FIG. 2 depicts jacket 10, in its opened condition, wherein zipper 18 has been unzipped, and panels 12, 14 have been folded back to reveal the details of inner liner 50. Liner 50 comprises a central, resilient, insert 52 that yields readily in all directions, a back panel 54, a first side panel 56, and a second side panel 58. Panels 54, 56 and 58 are all formed of a porous, mesh-like material. However, while insert 52 is fashioned from a readily yieldable material, panels 54, 56, and 58, are fashioned from a different, durable, but unyielding material. Consequently, insert 52 can be deformed relative to the supporting panels to which it is secured by sewing. Insert 52, which resembles an inserted U-shaped area, is sewn, or otherwise set, into the back panel 54 of the inner liner 50 of jacket 10. Insert 52 contacts the back of the wearer of the jacket. A suitable insert has proven to be a 100% Dacron material.

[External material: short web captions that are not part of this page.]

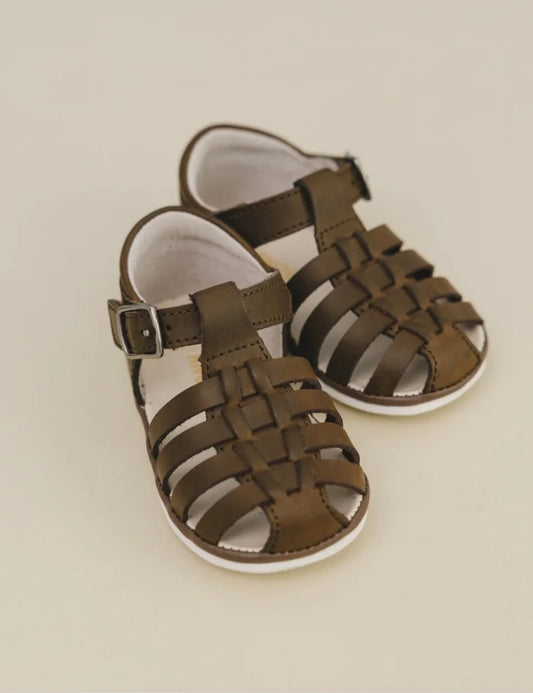 Joshua Brown Leather Sandal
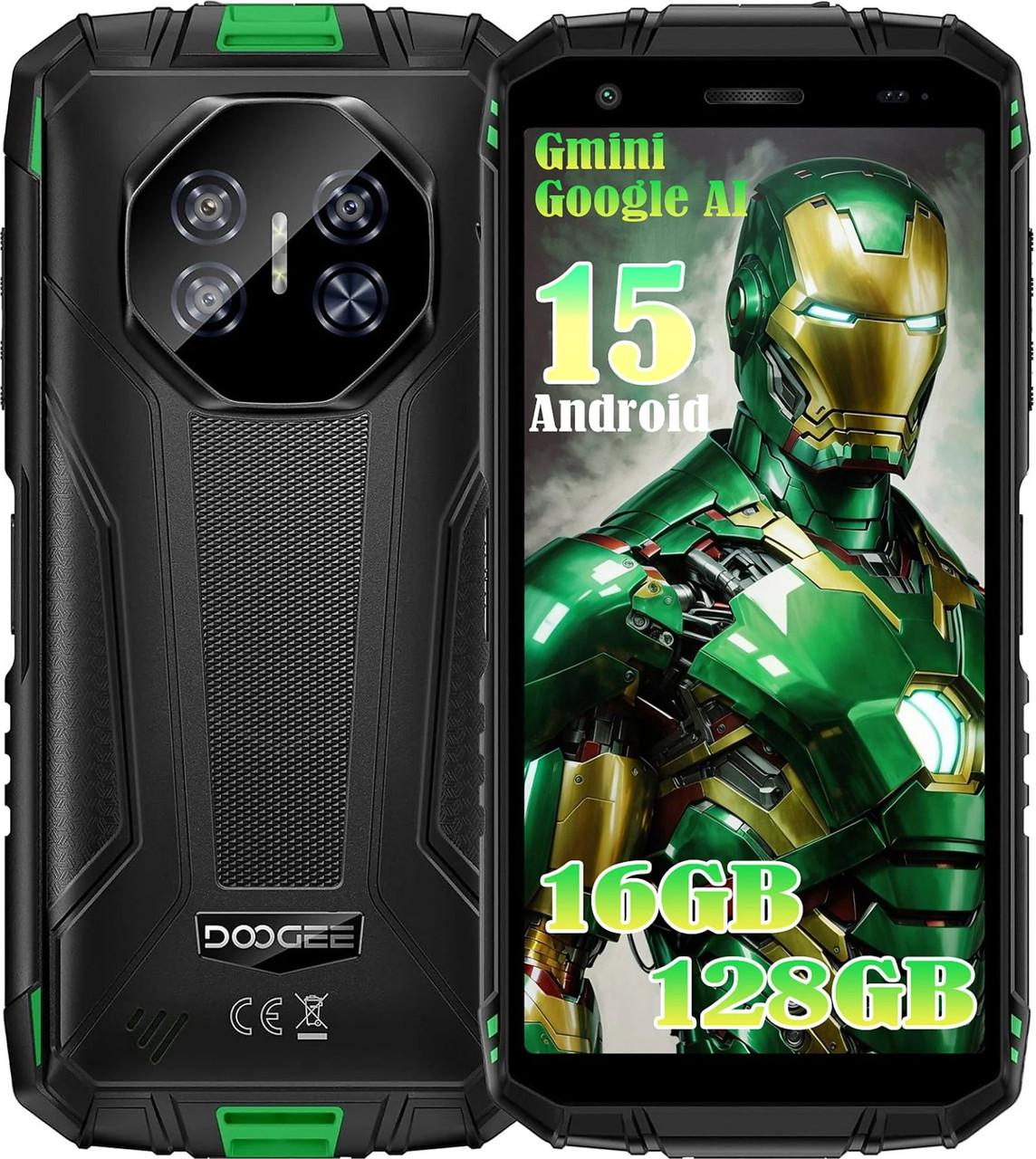 Смартфон Doogee Fire 3 Pro 4/128 Гб Global Version Forest Green (2734306452)
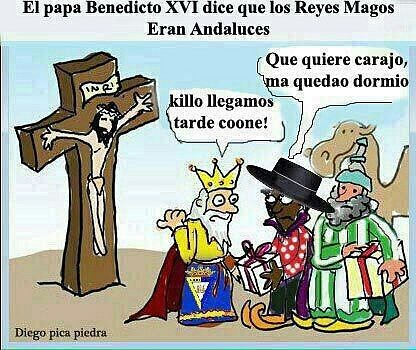 REYES MAJOS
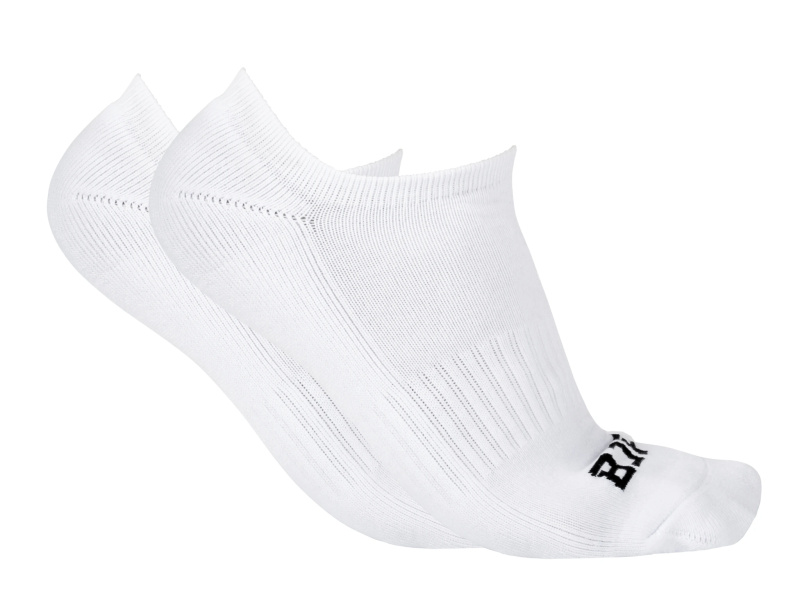 BJP Core Kotníkové Ponožky, Bílé Velikost: S/M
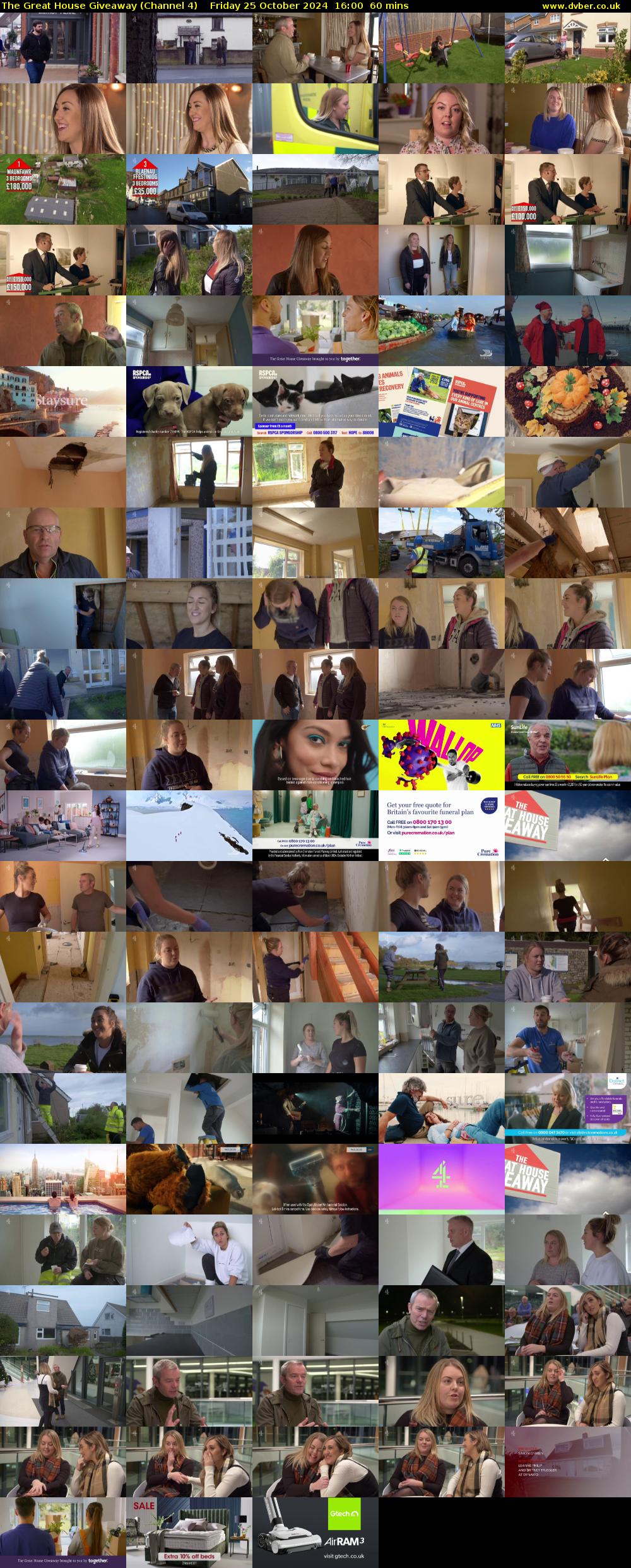 The Great House Giveaway (Channel 4) Friday 25 October 2024 16:00 - 17:00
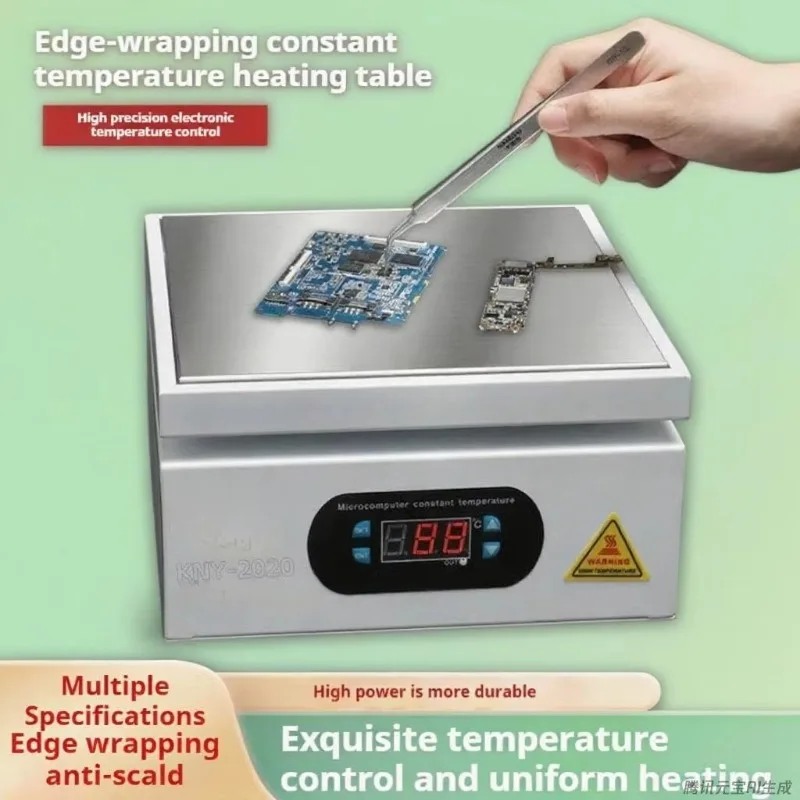 2030 Constant Temperature Reflow Soldering Station Digital Preheating Platform Electronic Hot Plate Maintenance Heating Station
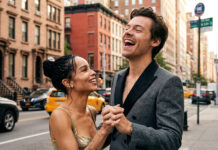 Harry Styles y Zoe Cravitz prepararan una boda íntima con espíritu de fiesta Harry Styles y Zoe Cravitz prepararan una boda íntima con espíritu de fiesta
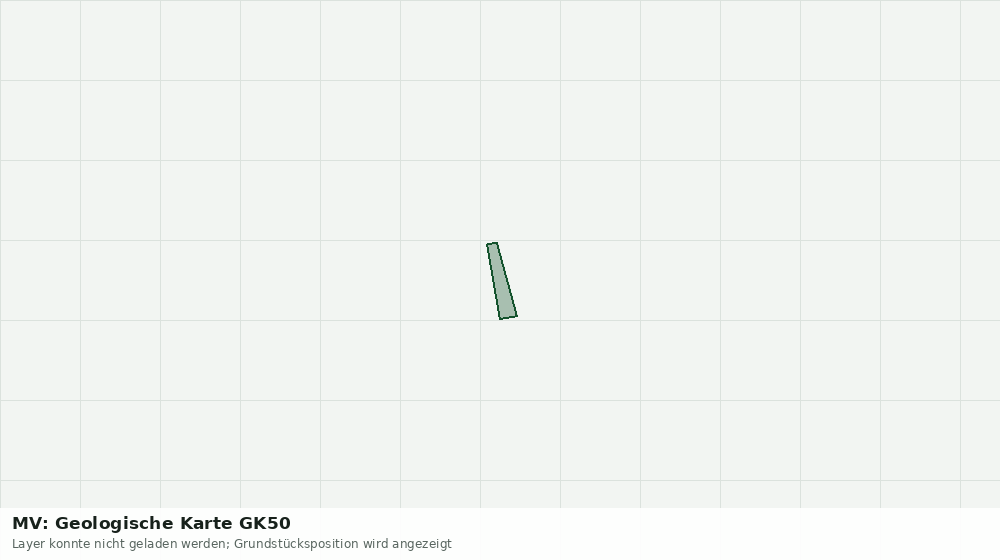 Statische Kartenansicht: MV: Geologische Karte GK50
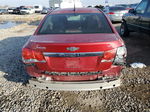 2014 Chevrolet Cruze Lt Burgundy vin: 1G1PC5SB7E7366692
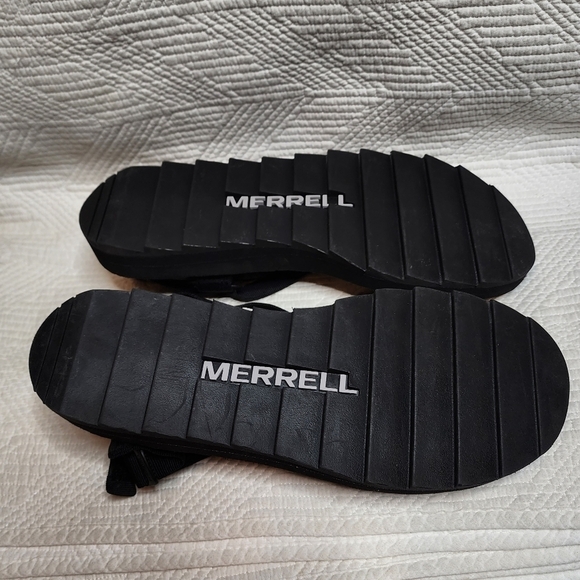 Merrell Men\'s Alpine Strap Black Sandal. Men\'s size 14. New! main image 16
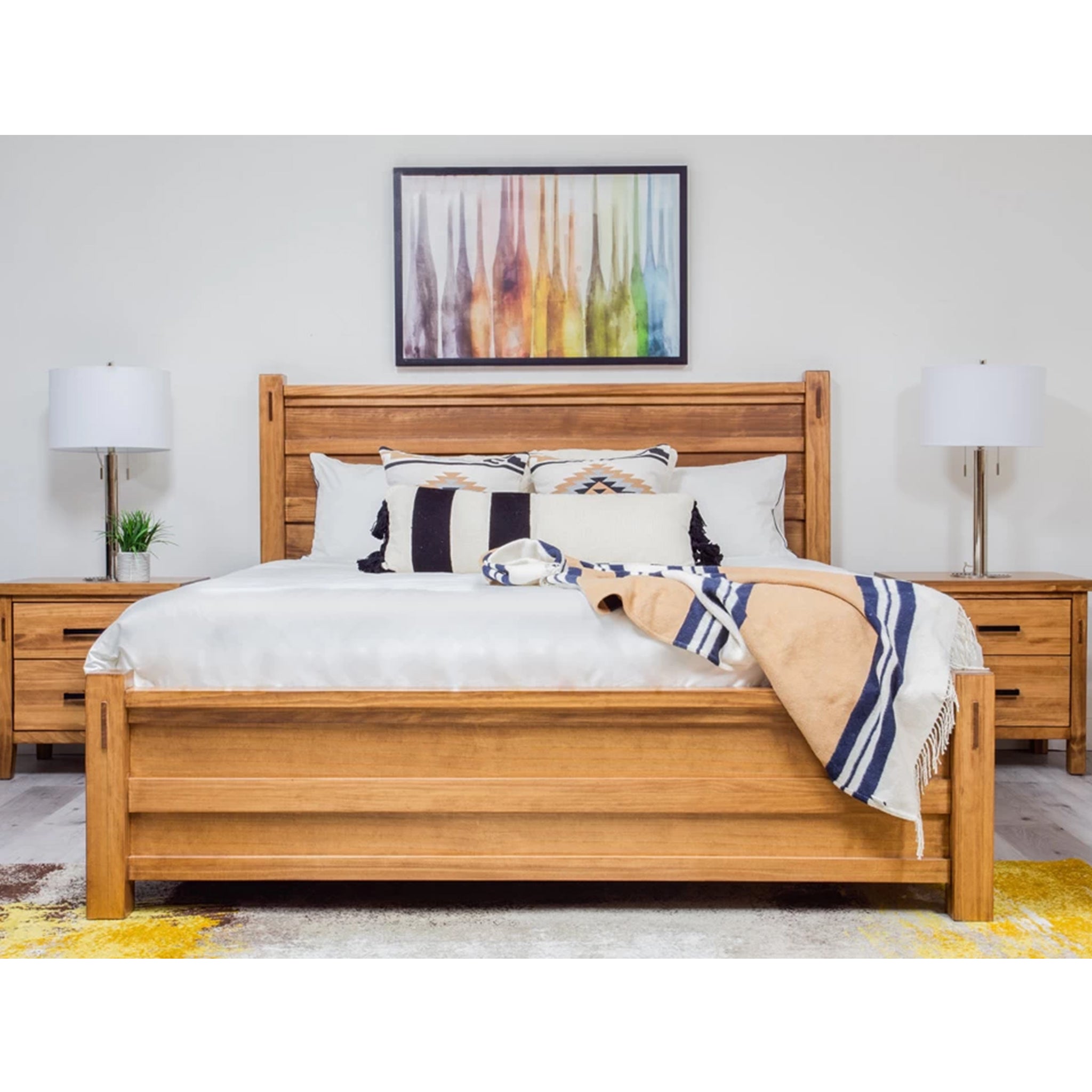Hudson 4 PC Bedroom Set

One edge of first side panel 56 of the inner liner is sewn into engagement with the inner surface of panel 12 along stitch line 60; line 60 is located inwardly of zipper 18 and indicates the joinder of the zipper to the body of the jacket and side panel 56 of the liner. Side panel 56 is also secured to front panel 12 along line 48. Since side panel 56 of the liner is secured to the front panel 12 of the jacket, and vice versa, the shell and the inner liner of the jacket move in concert.

Side panel 56 is also sewn along diagonal line 62 to interior tab 64 in the vicinity of the collar; the interior tab is made from the same material as the outer shell of the jacket. Side panel 56 and rear panel 54 of the liner are joined together by sewing along vertical line 66, which intersects the opening into sleeve 20.

One edge of second side panel 58 is sewn into engagement with the inner surface of panel 14 along stitch line 68. Line 68 is located inwardly of the zipper and indicates the joinder of the zipper to the body of the jacket and side panel 58 of the liner. Side panel 58 is also secured to front panel 14 along line 46. Since side panel 58 of the liner is secured to the front panel of the jacket, and vice versa, the shell and the inner liner of the jacket move in concert.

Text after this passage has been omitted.